• [Work instruction]: Leaving out the pictures, write out exactly each line from the line with "A Budget Of" through the close of the listing below.

• [Data for the task]:
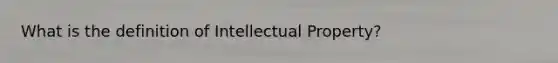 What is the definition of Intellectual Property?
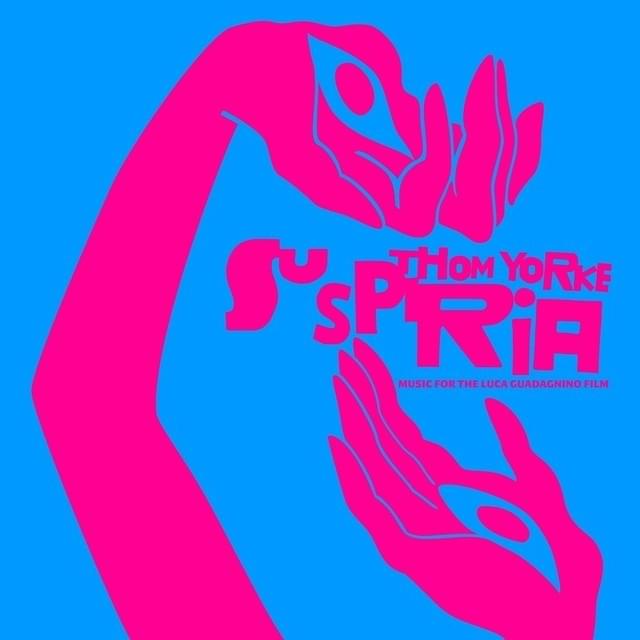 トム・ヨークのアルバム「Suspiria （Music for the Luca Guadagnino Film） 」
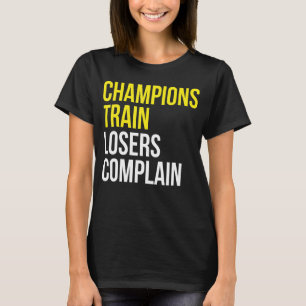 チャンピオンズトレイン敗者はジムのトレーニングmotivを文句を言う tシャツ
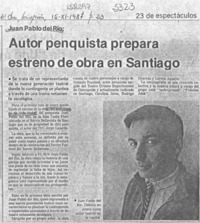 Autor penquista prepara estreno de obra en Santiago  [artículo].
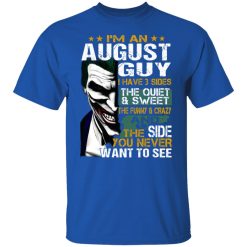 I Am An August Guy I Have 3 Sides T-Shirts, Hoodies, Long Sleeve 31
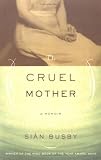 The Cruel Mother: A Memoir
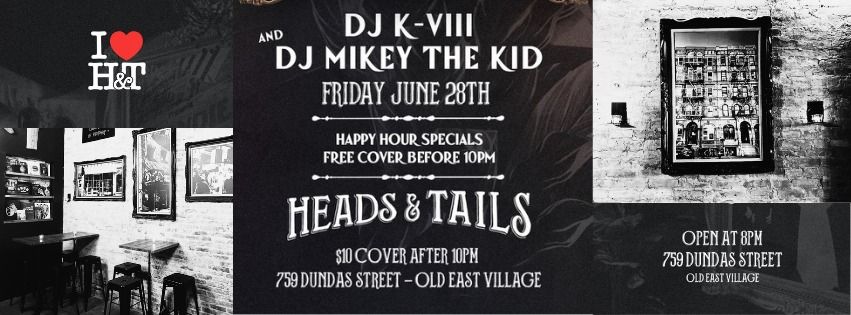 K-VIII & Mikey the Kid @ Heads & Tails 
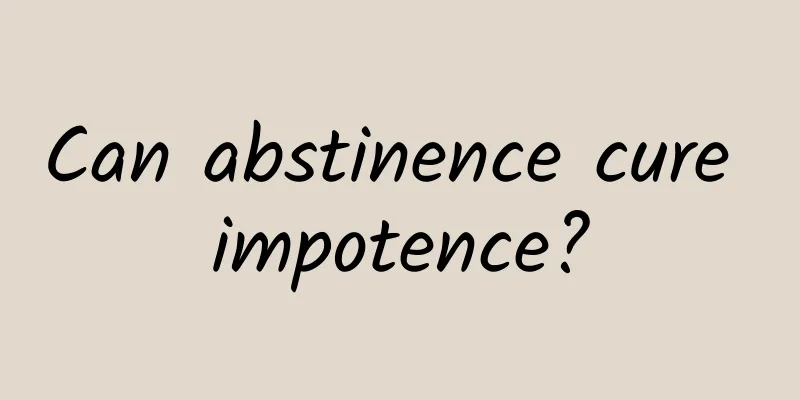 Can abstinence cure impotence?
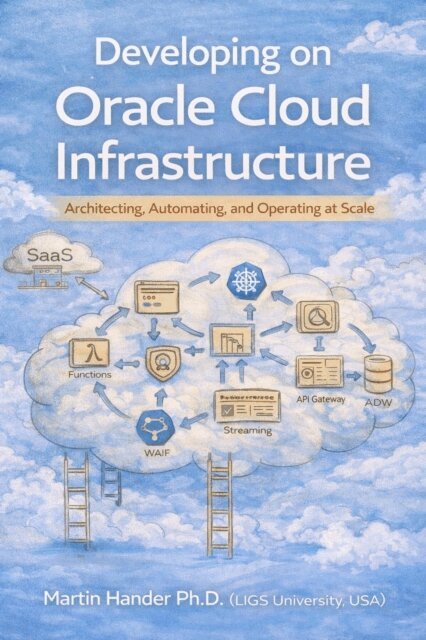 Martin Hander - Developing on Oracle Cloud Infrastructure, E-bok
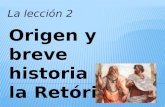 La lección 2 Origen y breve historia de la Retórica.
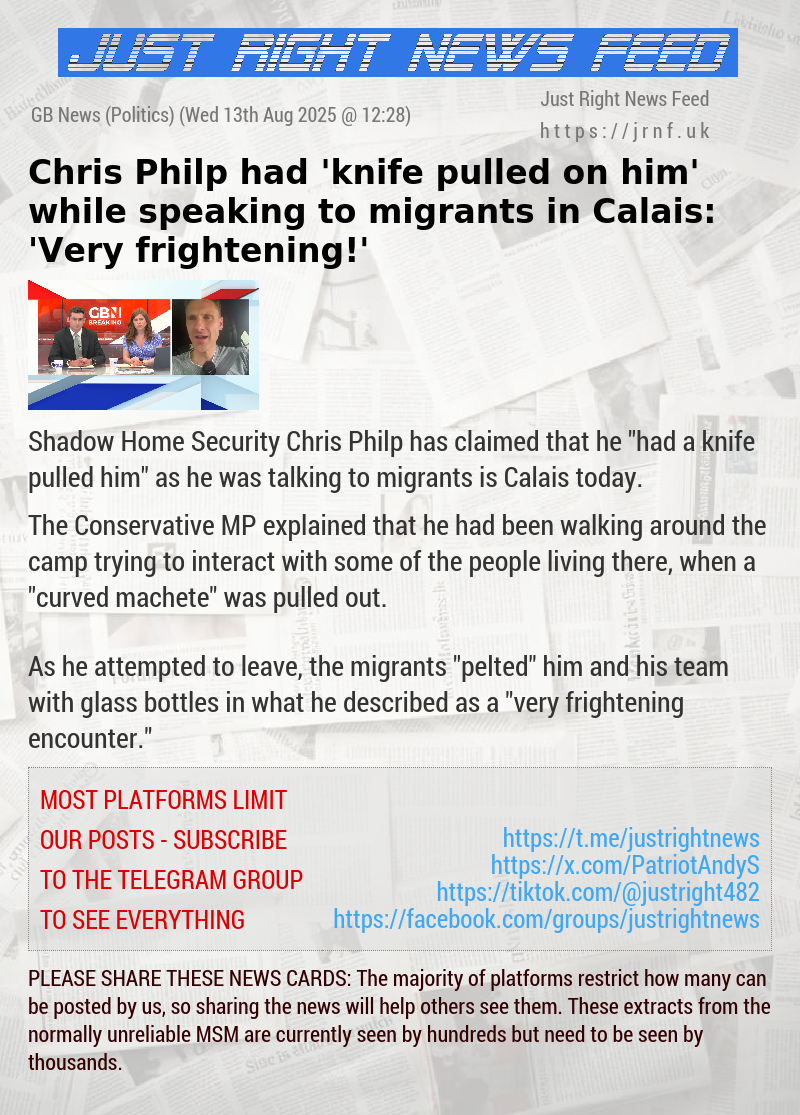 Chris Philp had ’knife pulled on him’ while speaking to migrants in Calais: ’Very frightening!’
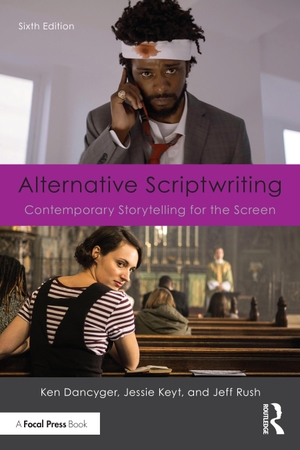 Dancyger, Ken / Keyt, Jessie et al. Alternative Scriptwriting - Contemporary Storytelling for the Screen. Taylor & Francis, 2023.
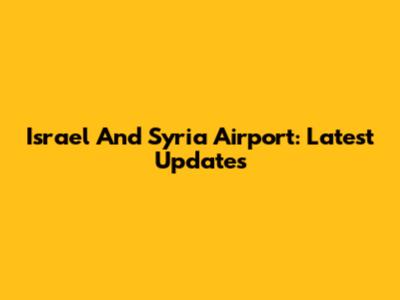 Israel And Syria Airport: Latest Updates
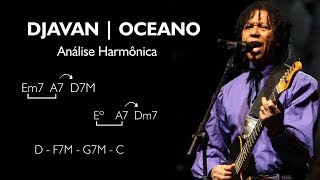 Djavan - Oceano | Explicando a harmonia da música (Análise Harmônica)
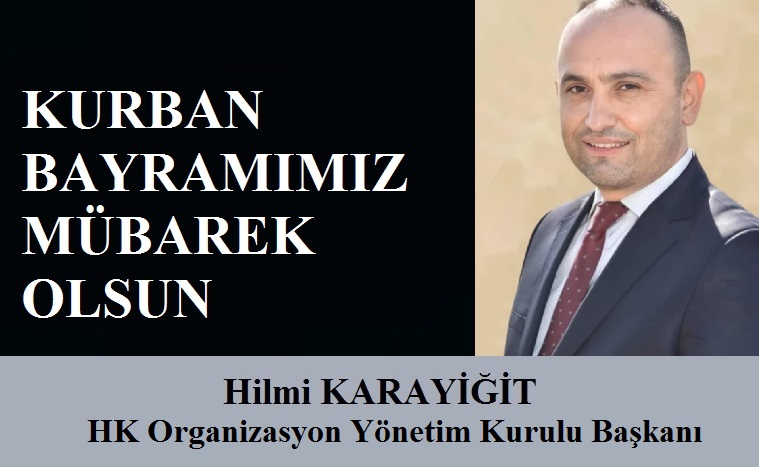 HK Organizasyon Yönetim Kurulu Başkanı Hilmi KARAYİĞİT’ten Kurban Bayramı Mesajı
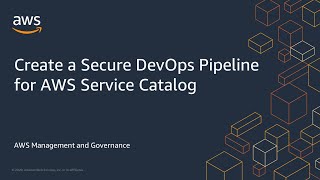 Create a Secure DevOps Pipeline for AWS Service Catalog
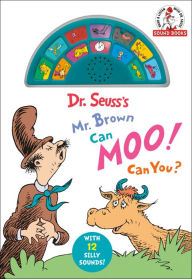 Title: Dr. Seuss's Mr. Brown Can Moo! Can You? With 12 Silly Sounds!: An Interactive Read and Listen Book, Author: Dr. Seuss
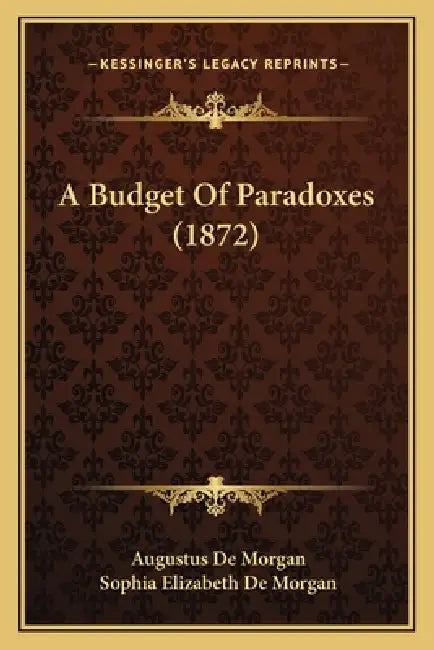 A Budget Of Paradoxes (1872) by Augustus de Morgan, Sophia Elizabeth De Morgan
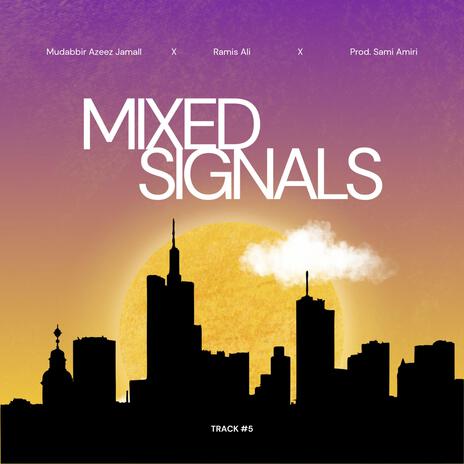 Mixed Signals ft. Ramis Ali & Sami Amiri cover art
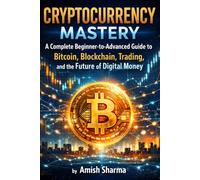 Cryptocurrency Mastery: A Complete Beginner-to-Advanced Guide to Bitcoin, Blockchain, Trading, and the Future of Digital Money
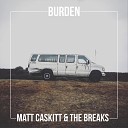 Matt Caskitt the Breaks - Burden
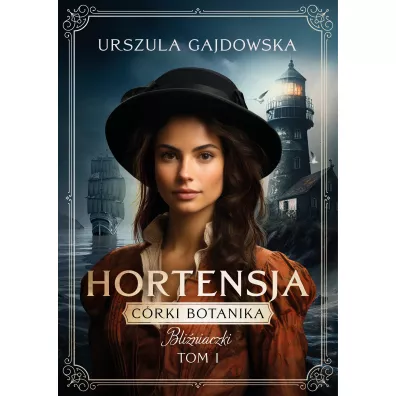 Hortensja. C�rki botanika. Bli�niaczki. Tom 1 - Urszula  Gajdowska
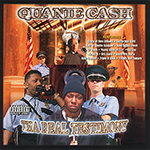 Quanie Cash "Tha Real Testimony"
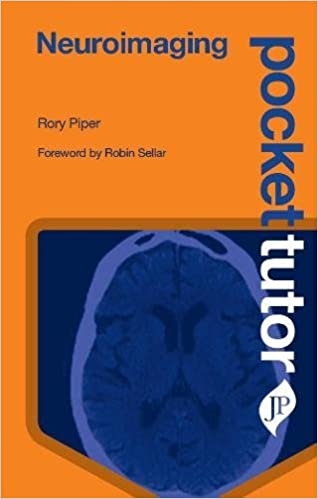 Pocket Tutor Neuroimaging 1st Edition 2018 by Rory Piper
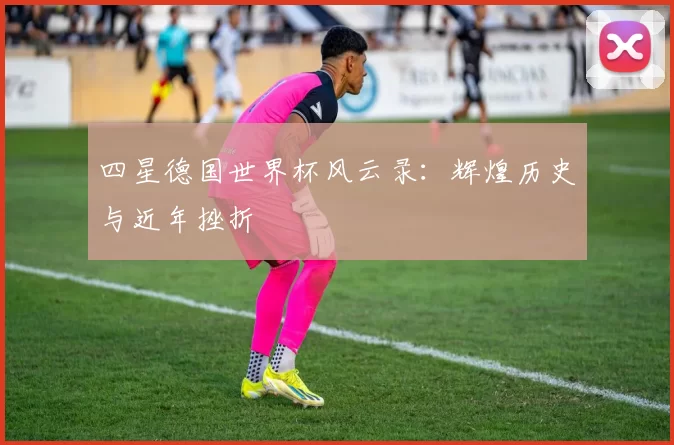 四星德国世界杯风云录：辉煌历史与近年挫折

• [Exercise solution]:
 A Budget Of Paradoxes (1872) by Augustus de Morgan, Sophia Elizabeth De Morgan
 Mixed Signals ft. Ramis Ali & Sami Amiri cover art
 Cryptocurrency Mastery: A Complete Beginner-to-Advanced Guide to Bitcoin, Blockchain, Trading, and the Future of Digital Money
 Matt Caskitt the Breaks - Burden
 Hortensja. C�rki botanika. Bli�niaczki. Tom 1 - Urszula  Gajdowska
 Quanie Cash "Tha Real Testimony"
 Pocket Tutor Neuroimaging 1st Edition 2018 by Rory Piper
 四星德国世界杯风云录：辉煌历史与近年挫折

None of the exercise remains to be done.